BEGIN Exercise materials

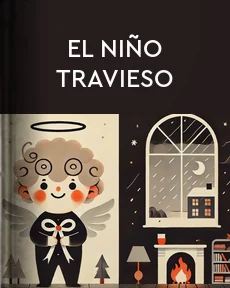 Portada de El niño travieso, de Hans Christian Andersen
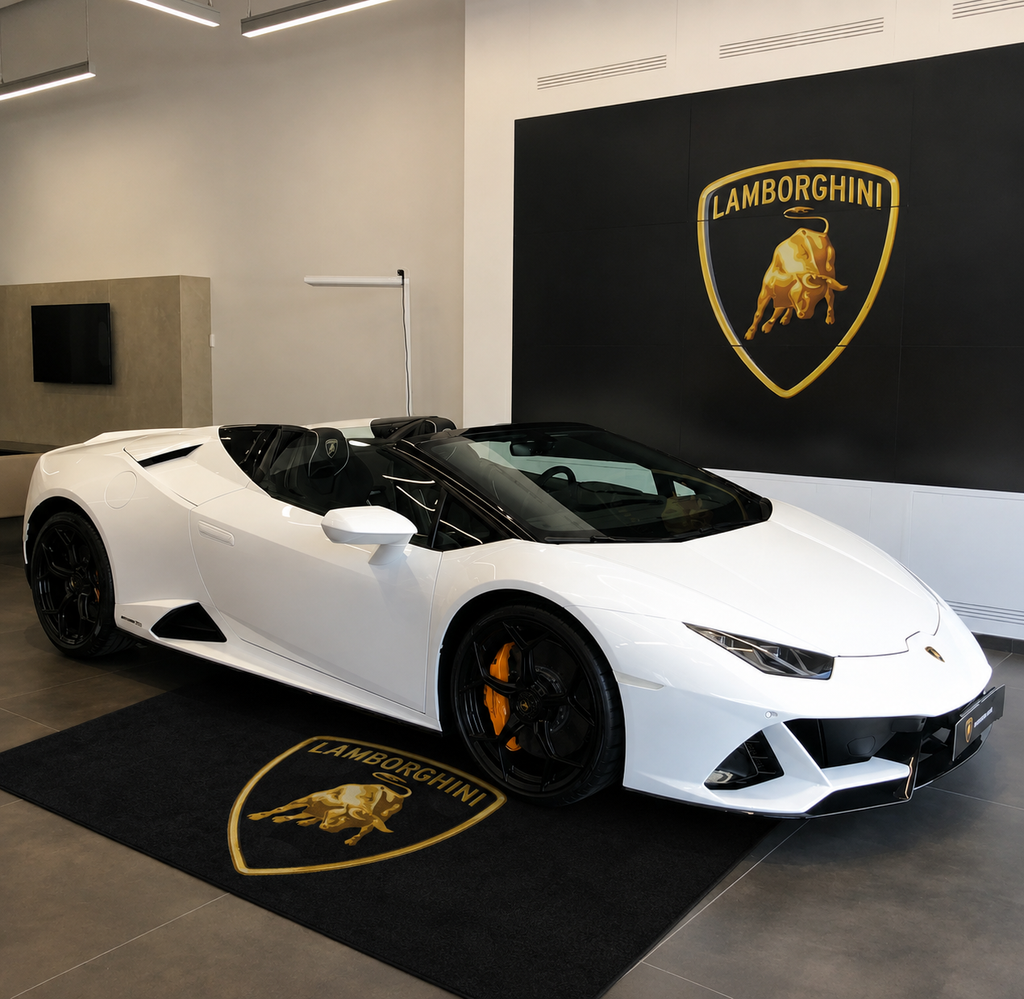 Lamborghini Rug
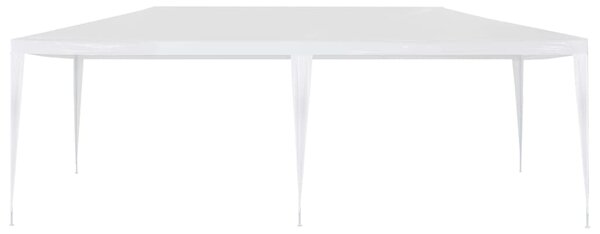 Šator za zabave 3 x 6 m PE bijeli - Bijela / 3 x 6 m
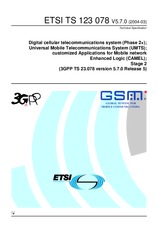 Norma ETSI TS 123078-V5.7.0 31.3.2004 náhľad
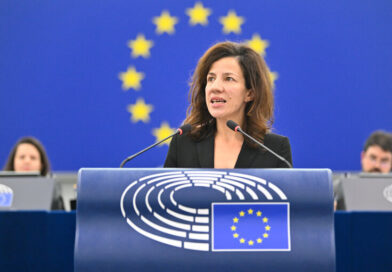 Roxana Minzatu, foto Philippe STIRNWEISS Copyright: © European Union 2024 - Source : EP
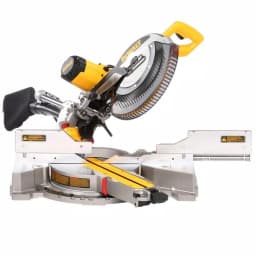 DEWALT 12 in. 15 Amp Sliding Compound Miter Saw with XPS Technology thumbnail 1
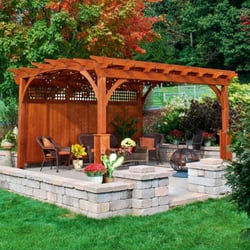 The Great Backyard Place - Heartland Pergola now available at The Great Backyard Place!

END Exercise materials

● **Aim of the exercise**: An exact copy of all entries is needed, with no pictures in it.

● **The completed task**:
 Portada de El niño travieso, de Hans Christian Andersen
 Lamborghini Rug
 Šator za zabave 3 x 6 m PE bijeli - Bijela / 3 x 6 m
 Norma ETSI TS 123078-V5.7.0 31.3.2004 náhľad
 Roxana Minzatu, foto Philippe STIRNWEISS Copyright: © European Union 2024 - Source : EP
 DEWALT 12 in. 15 Amp Sliding Compound Miter Saw with XPS Technology thumbnail 1
 The Great Backyard Place - Heartland Pergola now available at The Great Backyard Place!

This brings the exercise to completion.